Nach 19 Tage langen Protesten im Gezi-Park mit solidarischer Küche, viel Musik und Tanz, Bibliothek und unterschiedlichen künstlerischen Aktionen, hat die Polizei am 16.06.2013 den Park erneut geräumt. Einen Tag vor der geplanten AKP-Kundgebung in Istanbul, an einem Samstagabend, an dem viele Menschen mit ihren Kindern in besagtem Park waren, wurde der Polizei-Einsatz durchgeführt. Nach der Räumung des Parks äußerte sich Erdogan weiterhin in seinem üblichen sarkastischen Ton über die Proteste und behauptete, dass der Park endlich wieder „sauber“ sei. Die Proteste haben ganz bestimmt nicht dazu geführt, dass Erdogan seinen Ton über die Opposition oder die anderen Lebensstile verändert. Im Gegenteil hat er die Protestierenden am Anfang „Plünderer“ genannt, und danach „Marginale“. Zudem wird sogar erwartet, dass Menschen, die sich in sozialen Netzwerken zu den Protesten geäußert haben, zukünftig angeklagt werden. Während die Social Media das Organisieren von solchen Protesten sowie alternativer Informationsflüsse erleichtern, machen sie aber auch die Überwachung und Kontrolle von Informationen viel einfacher. Es wird erwartet, dass die AKP-Regierung zukünftig strengere Gesetze durchsetzt, die die Überwachung der Social Media vereinfachen.

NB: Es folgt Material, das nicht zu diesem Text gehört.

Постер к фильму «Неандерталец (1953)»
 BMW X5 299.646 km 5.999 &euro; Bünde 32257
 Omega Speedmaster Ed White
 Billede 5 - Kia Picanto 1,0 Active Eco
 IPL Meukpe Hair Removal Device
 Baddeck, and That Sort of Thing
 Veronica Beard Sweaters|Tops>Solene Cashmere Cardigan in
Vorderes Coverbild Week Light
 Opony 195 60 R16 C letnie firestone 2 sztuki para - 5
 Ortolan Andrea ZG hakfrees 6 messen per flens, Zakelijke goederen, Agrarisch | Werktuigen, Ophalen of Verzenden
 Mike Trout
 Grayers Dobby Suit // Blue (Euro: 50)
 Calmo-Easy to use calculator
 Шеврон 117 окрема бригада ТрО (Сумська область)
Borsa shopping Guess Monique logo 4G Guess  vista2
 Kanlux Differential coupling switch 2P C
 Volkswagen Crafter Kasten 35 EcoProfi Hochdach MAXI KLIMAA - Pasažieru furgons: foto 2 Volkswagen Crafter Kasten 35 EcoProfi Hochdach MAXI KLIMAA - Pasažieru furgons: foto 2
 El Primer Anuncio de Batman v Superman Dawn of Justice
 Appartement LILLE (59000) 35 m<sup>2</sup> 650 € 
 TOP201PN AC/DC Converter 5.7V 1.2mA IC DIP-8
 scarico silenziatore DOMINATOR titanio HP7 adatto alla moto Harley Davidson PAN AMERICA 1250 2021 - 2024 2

Heißt das aber, dass man keine positiven Folgen in dieser neuen, kreativen und enthusiastischen Protestwelle sehen kann? Im Gegenteil, ich denke, dass dies ein wichtiger Schritt für die Etablierung einer demokratischen Kultur in der Türkei sein kann. Zunächst haben viele Menschen in der Türkei ihre Angst überwunden, auf die Straße zu gehen, um ihre Meinung zu äußern. Zudem haben sie mit Mut und viel Kreativität gezeigt, dass Erdogans Macht nicht endlos ist. Dies kann der Anfang für eine neue Protestkultur in der Türkei sein. Diese Proteste haben außerdem viele Menschen zusammengebracht, die über andere Themen - wie das Kurdenproblem – unterschiedliche Meinungen haben. Beispielsweise wurde gegen die Polizeigewalt vom 28.06.2013 gegen Demonstranten in der kurdischen Stadt Lice, Diyarbakir, am folgenden Tag in Taksim von vielen unterschiedlichen Gruppen protestiert. Die Aktivisten treffen sich regelmäßig in unterschiedlichen Parks in Istanbul (auch in Ankara, Izmir u.a.) und diskutieren verschiedene politische Themen. Eine solche aktive Präsenz auf den Straßen der Türkei sowie diese breite Beteiligung aus verschiedenen Segmenten der Gesellschaft in Protesten ist neu in der Türkei (insbesondere nach dem Militärputsch in 1980). Eine solche aktive Beteiligung von Individuen an politischen Entscheidungsprozessen, in dem sie ihre Meinung äußern, ist essenziell für die Zivilgesellschaft und eine demokratische Kultur.